[Work request]:
Please restate each line of the data that follows word for word, skipping any image.

[Recorded information]:
--- START ---

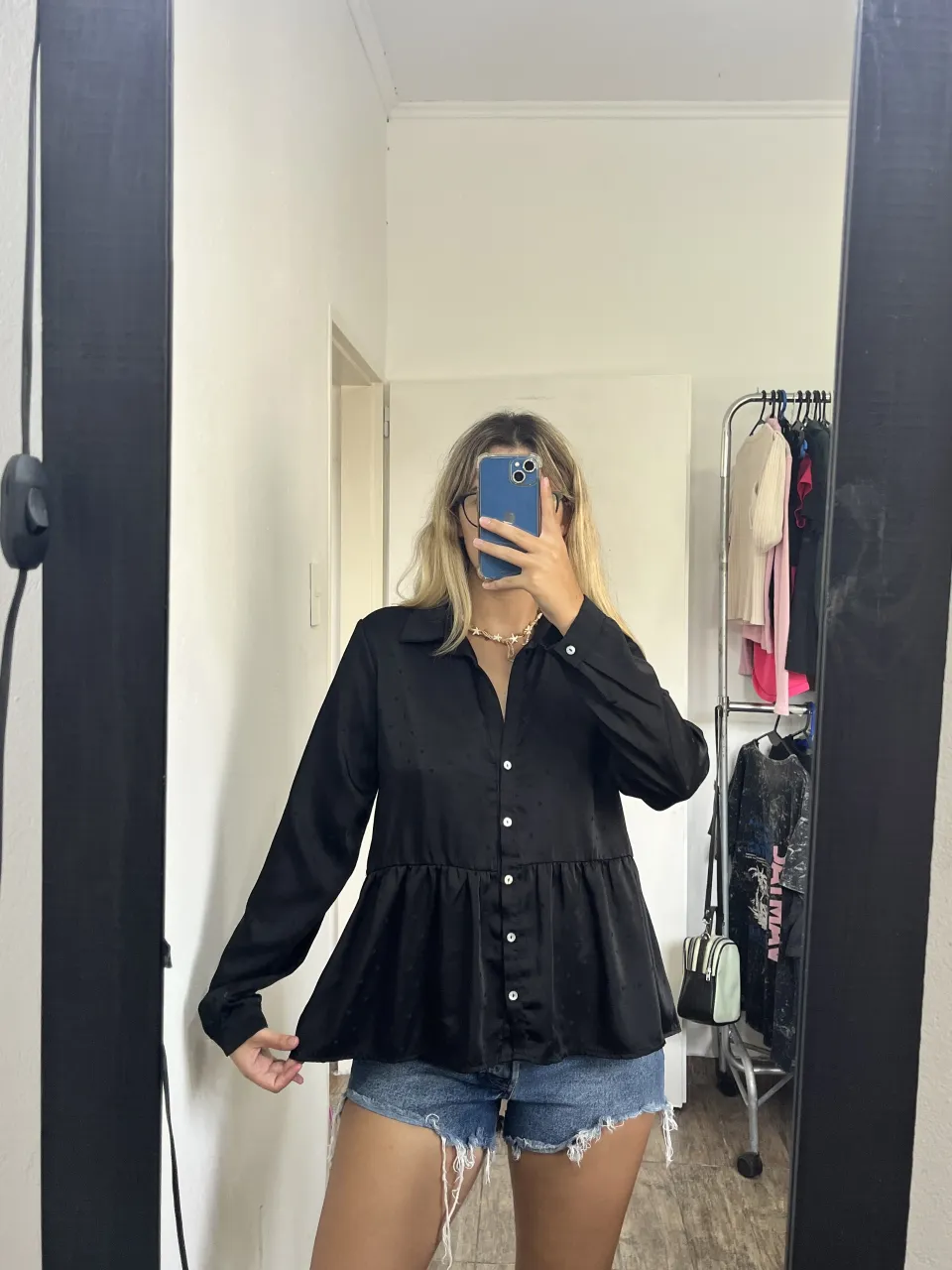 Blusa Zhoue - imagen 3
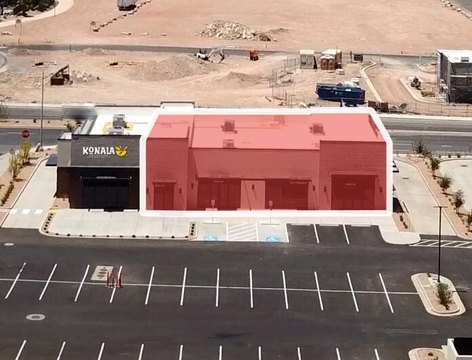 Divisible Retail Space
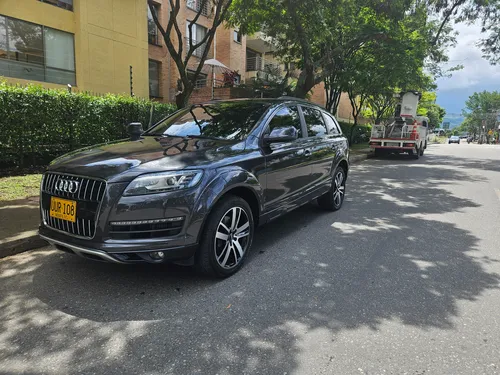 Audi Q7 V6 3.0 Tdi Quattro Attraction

--- END ---

[Answer area]:
 Blusa Zhoue - imagen 3
 Divisible Retail Space
 Audi Q7 V6 3.0 Tdi Quattro Attraction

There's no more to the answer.